### [Source material]
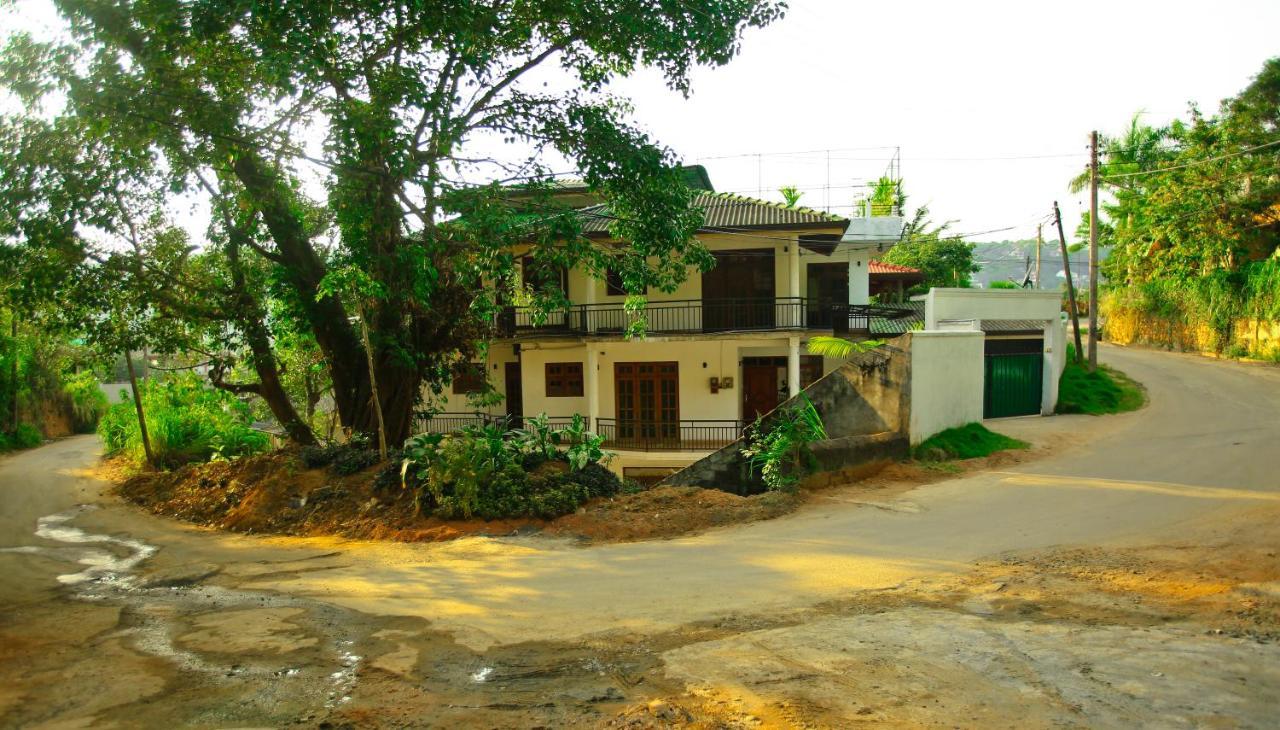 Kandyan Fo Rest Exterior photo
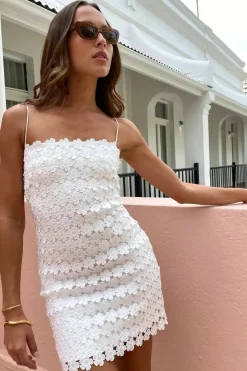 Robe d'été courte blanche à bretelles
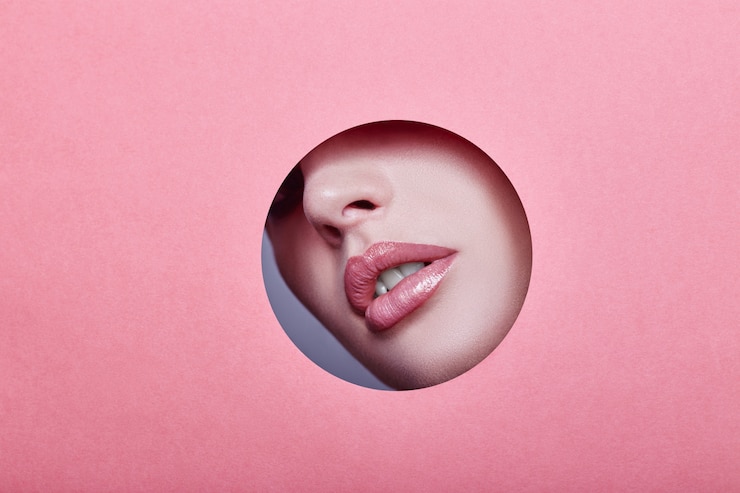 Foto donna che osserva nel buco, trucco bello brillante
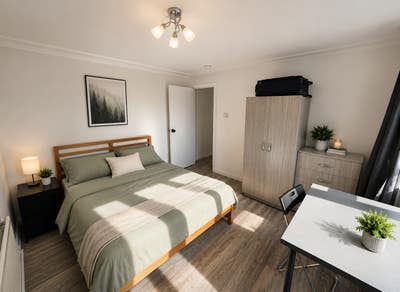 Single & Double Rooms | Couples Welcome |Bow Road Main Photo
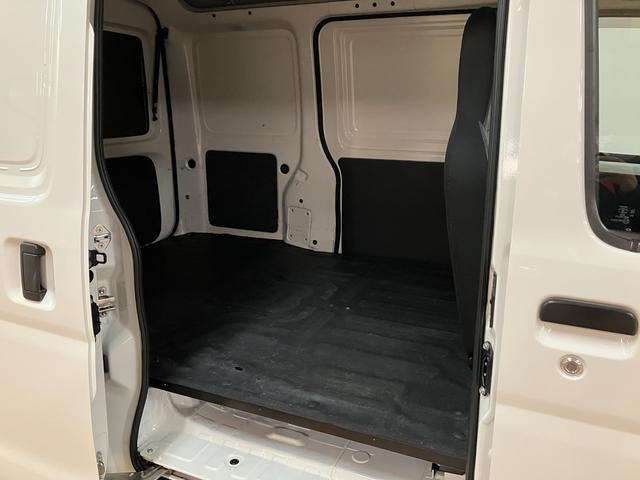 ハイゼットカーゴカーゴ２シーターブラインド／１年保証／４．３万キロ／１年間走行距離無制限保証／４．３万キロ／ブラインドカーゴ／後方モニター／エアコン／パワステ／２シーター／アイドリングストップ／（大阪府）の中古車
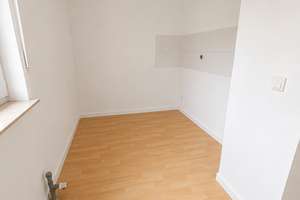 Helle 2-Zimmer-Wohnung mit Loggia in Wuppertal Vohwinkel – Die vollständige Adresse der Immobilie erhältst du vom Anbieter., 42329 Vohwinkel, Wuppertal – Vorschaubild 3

### [Work to complete]
Repeat the listing above word for word and leave its images out.

### [Answer box]
 Kandyan Fo Rest Exterior photo
 Robe d'été courte blanche à bretelles
 Foto donna che osserva nel buco, trucco bello brillante
 Single & Double Rooms | Couples Welcome |Bow Road Main Photo
 ハイゼットカーゴカーゴ２シーターブラインド／１年保証／４．３万キロ／１年間走行距離無制限保証／４．３万キロ／ブラインドカーゴ／後方モニター／エアコン／パワステ／２シーター／アイドリングストップ／（大阪府）の中古車
 Helle 2-Zimmer-Wohnung mit Loggia in Wuppertal Vohwinkel – Die vollständige Adresse der Immobilie erhältst du vom Anbieter., 42329 Vohwinkel, Wuppertal – Vorschaubild 3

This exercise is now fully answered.